The record features covers of nine classic songs from the 1950’s to 1960’s era by artists like Don Rich and Buck Owens, with the track A Women Like You, being the only original. Slotting in perfectly to the theme of the album, Shiflett says it definitely drew more inspiration to release more originals in the future.
“I kind of see that song as pointing the way forward because it was the first new song we had written after starting this project. It’s definitely heavily influenced by the other songs on the record and that style of music so when we get around to making our next one, I think that this record is going to be a big influence on that.”
It’s hard to believe though, that initially The Dead Peasants weren’t even planning on making a record.

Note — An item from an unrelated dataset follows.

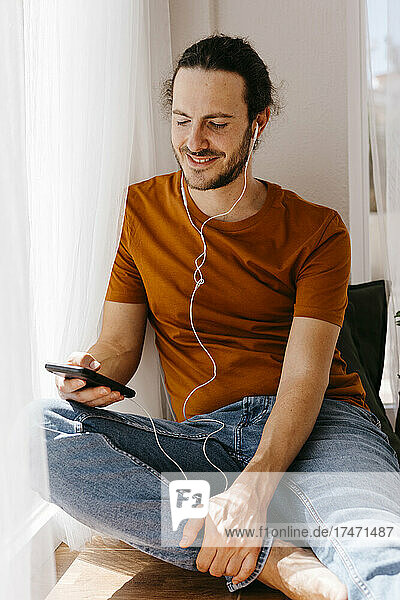 Man with mobile phone listening music through in-ear headphones at home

“We just learnt all these songs and wanted to get a residency somewhere and be a bar band, that was the germ of the idea. Once we went out and did a few shows we thought this is really fun we should record this! Then I thought we should make a live record, bring some gear down to one of the bars and record it – then I realised that would be a pain in the ass to actually pull off (laughs). So fuck it, I have this big beautiful studio we can just set up in that and rip through the set like it’s live and track it.
“I’ve never made a record like that before and it was really a lot of fun doing it that way. I feel it comes across in the record, it’s not this perfect, nipped and tucked well-produced record, and it’s pretty much live. At least the music is, we overdubbed the vocals and a few things here and there, but most of it is just live.”
The country influences have undoubtedly been mastered throughout the album but still it manages to incorporate the rebellious attitude renowned in heavy rock bands.
“It slots right in, that’s what drew me to country in the first place. I mean guys like Hank Williams and Jerry Lee Lewis they were rebels! The real deal, fuck up hard-core (laughs), it’s the same thing! There’s not much difference between those guys and Keith Richards or whoever else, they’re all kindred spirits, I guess.”
With 14-plus years of playing with the Foo Fighters and the albums Shiflett’s clocking up with the Dead Peasants, it’s not surprising that the musical impact on his children at home is impressive.
“It’s funny, I imagine my kids when they’re 35 years-old will have that moment where they go, ‘oh wait, my dad’s records were actually really good!’ My oldest son at two figured out how to work the CD player and the first record he was really obsessed on was Highway To Hell, it was so cute because he would go crazy and air guitar. Then he got really into KISS, that made me happy because I grew up with KISS, and then I turned them onto The Hives. Every time we get into the car they force me to play The Hives and I love The Hives so I’m okay with that but when I try to play country, if I try to flip on a George Jones record or something my kids all start chanting, ‘Hives! Hives! Hives!’
“Then I have to give in. You can’t win when you have three rowdy boys in the back seat – you can’t fight that power!”
In between being a dad and the two bands, Shiflett has a lot in store with Foo Fighters also set to release another album next year, and hopes to tour with the Dead Peasants to Australia in the near future.
“I sure hope we get down there at some point, we don’t have plans to right now but that would be a dream come true. I say you go out and start that movement, a national cause (laughs)!”